GIVEN DATA ->
_ _ _ _
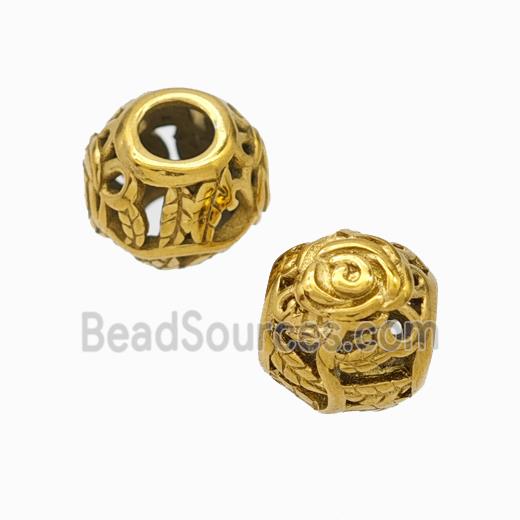 Titanium Steel Round Beads Large Hole Hollow Flower Gold Plated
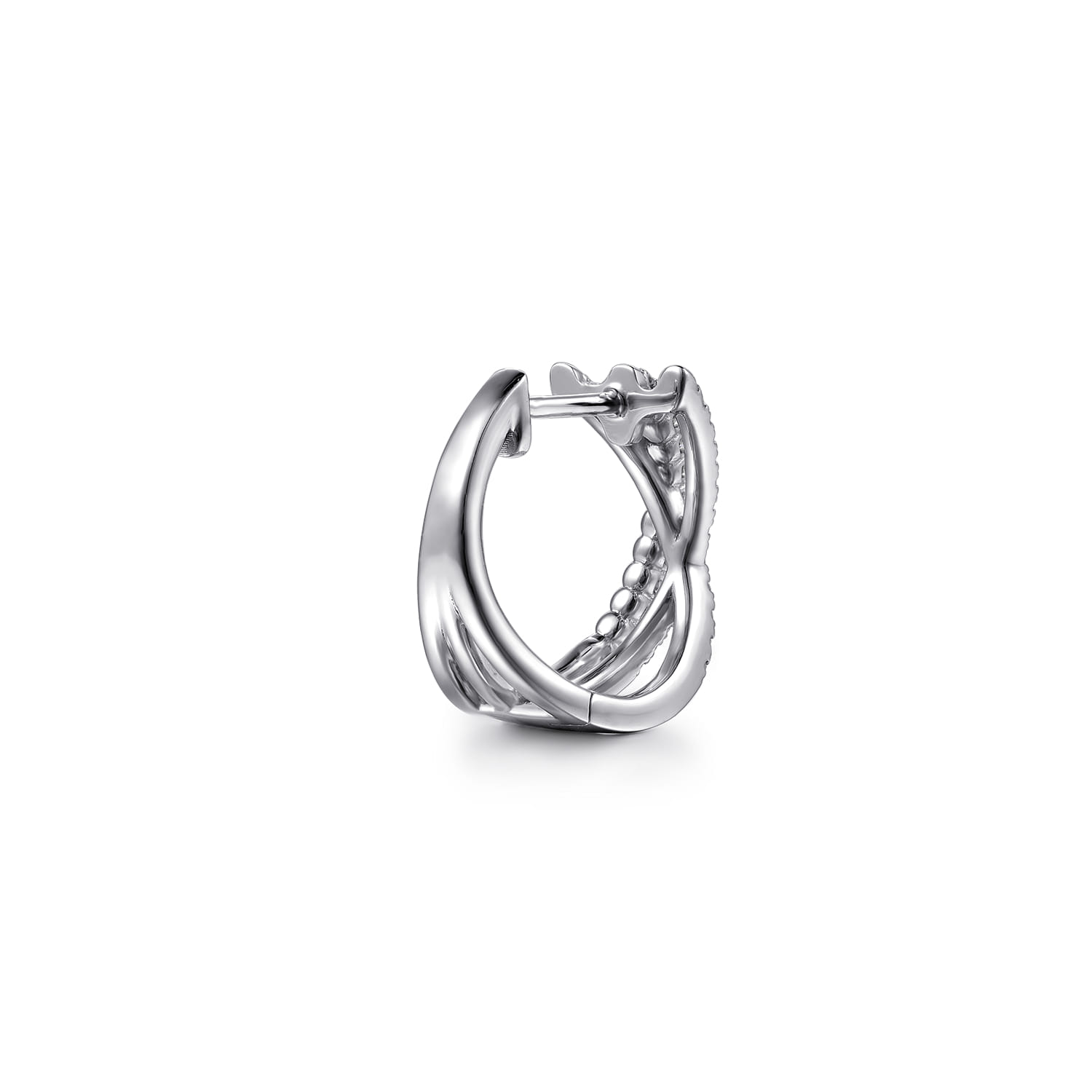 Diamond Criss Cross Huggie Earrings in 14K White Gold, photograph 2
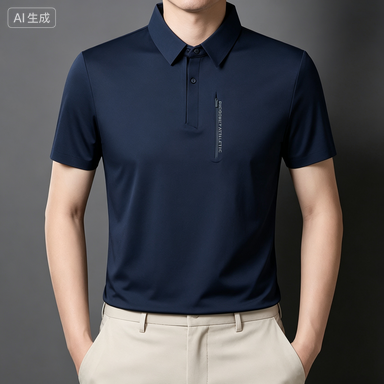 Men's Business Polos Men's Seamless Ice-Silk Short-Sleeve Business Polo Shirt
_ _ _ _
Could you output the entire listing verbatim while omitting its pictures?

 Titanium Steel Round Beads Large Hole Hollow Flower Gold Plated
 Diamond Criss Cross Huggie Earrings in 14K White Gold, photograph 2
 Men's Business Polos Men's Seamless Ice-Silk Short-Sleeve Business Polo Shirt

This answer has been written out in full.